**Exercise goal**
With the images removed, transcribe the listing that follows exactly.

**Data block**
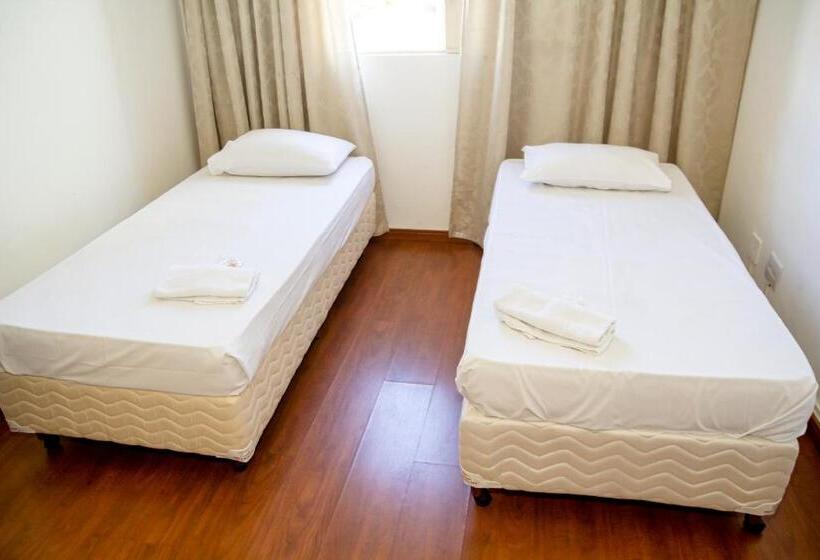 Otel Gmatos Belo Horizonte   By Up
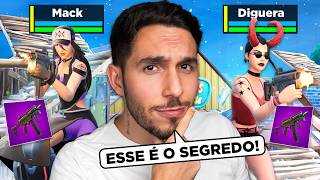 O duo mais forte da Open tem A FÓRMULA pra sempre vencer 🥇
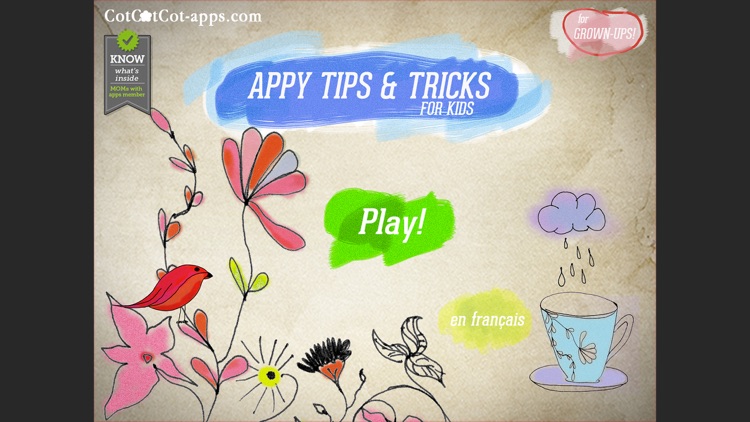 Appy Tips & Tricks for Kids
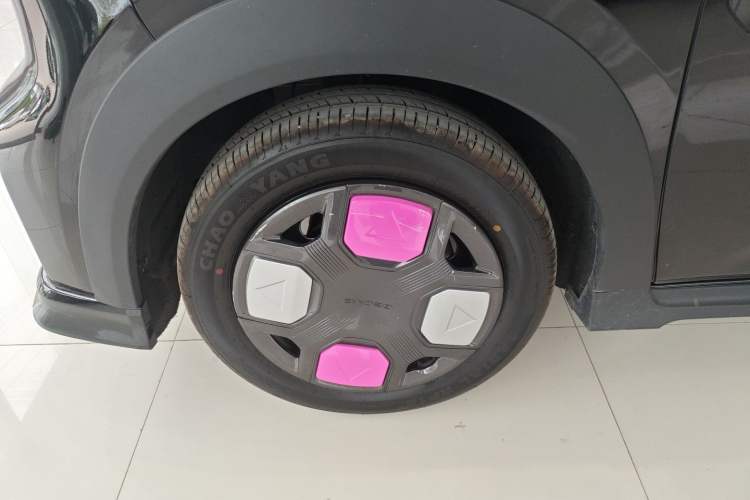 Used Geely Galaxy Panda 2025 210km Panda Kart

**Your solution**
 Otel Gmatos Belo Horizonte   By Up
 O duo mais forte da Open tem A FÓRMULA pra sempre vencer 🥇
 Appy Tips & Tricks for Kids
 Used Geely Galaxy Panda 2025 210km Panda Kart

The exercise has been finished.